Wir sehen uns in Bad Salzdetfurth!


----------



## stevens28/2 (8. Juni 2022)

Supi....dieses Jahr gibt es ja recht wenige XC Rennen und dann so eine tolle und technische Strecke.....


----------



## MTB-News.de




----------



## Ben9696 (30. August 2022)

Habe gestern mal 3 Runden auf der Strecke gedreht, teils ist der Verlauf leider nicht mehr ganz klar. Auch wird mit der Zeit der Zustand es vermutlich schwierig machen die Strecken zu nutzen, hoffe sie planen zumindest jährlich eine Renovierung durchzuführen.

Strecke ist teilweise schon krass, in einer kurvigen Bergaufpassage fehlt mir komplette die Technik für die Spitzkehren mit Wurzeln etc., und auch der obere Rockgarden ist für mich eher unfahrbar. Wie man auf so einer Strecke soviel Speed aufbauen kann ist mir ein Rätsel. Warum beim Hauptanstieg dermaßen mit Kies/Geröll gearbeitet wurde verstehe ich nicht..

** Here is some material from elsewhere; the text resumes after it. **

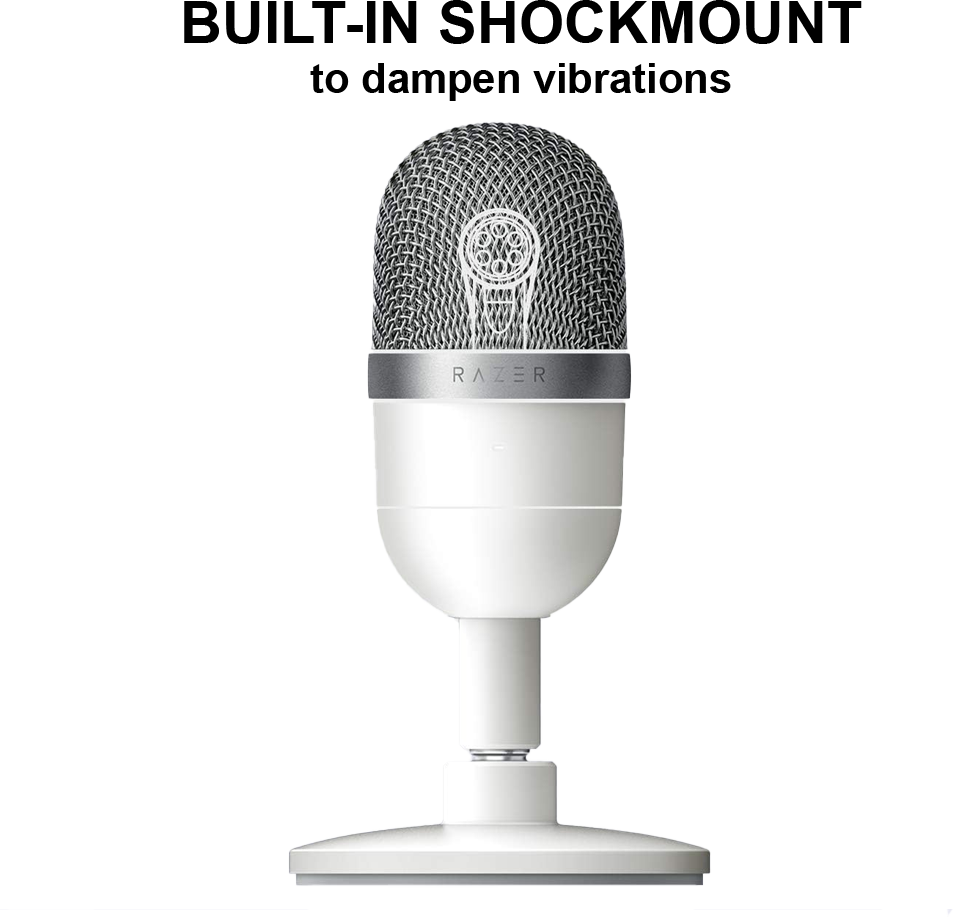 Razer Seiren Mini Microphone White 3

Aber in Summe geile Strecke, denke werde da hin & wieder mal hinfahren übern Winter.


----------



## FirstGeneration (30. August 2022)

Schau Dir mal das Streckenvideo von David List mit Max Brandl auf You Tube an, dann siehst Du, wo die Strecke entlang führt.
Der Hauptanstieg war ein Wirtschaftsweg, der geschottert war und jetzt so in die Strecke eingebaut worden ist; ist so und leider nicht zu ändern.


----------



## Günther-Kette-R (27. September 2022)

Ben9696 schrieb:


> Habe gestern mal 3 Runden auf der Strecke gedreht, teils ist der Verlauf leider nicht mehr ganz klar. Auch wird mit der Zeit der Zustand es vermutlich schwierig machen die Strecken zu nutzen, hoffe sie planen zumindest jährlich eine Renovierung durchzuführen.
> 
> Strecke ist teilweise schon krass, in einer kurvigen Bergaufpassage fehlt mir komplette die Technik für die Spitzkehren mit Wurzeln etc., und auch der obere Rockgarden ist für mich eher unfahrbar. Wie man auf so einer Strecke soviel Speed aufbauen kann ist mir ein Rätsel. Warum beim Hauptanstieg dermaßen mit Kies/Geröll gearbeitet wurde verstehe ich nicht..
> 
> Aber in Summe geile Strecke, denke werde da hin & wieder mal hinfahren übern Winter.


Salve! Freut uns wenn es Dir gefallen hat! Im Prinzip ist die Strecke auch jetzt noch komplett fahrbar: der Naturdownhilltrail wächst natürlich im Sommer etwas zu, sollte jetzt aber wieder frei sein. Der obere Rockgarden sieht schwerer aus als er ist und die Spitzkehren sind mit etwas Streckenkenntnis kein Ding. Insgesamt ist natürlich Streckenkenntis immer von Vorteil. Alle technisch schwierigen Teile sind umfahrbar und es gibt im BOP unzählige weitere spannende XCO-Fahrvarianten, z. B. der flowtrail und der snaketrail sowie diverse CX-Linien! Auf einigen veranstalten wir am 8. & 9. Oktober ein Cyclocross Rennen!


----------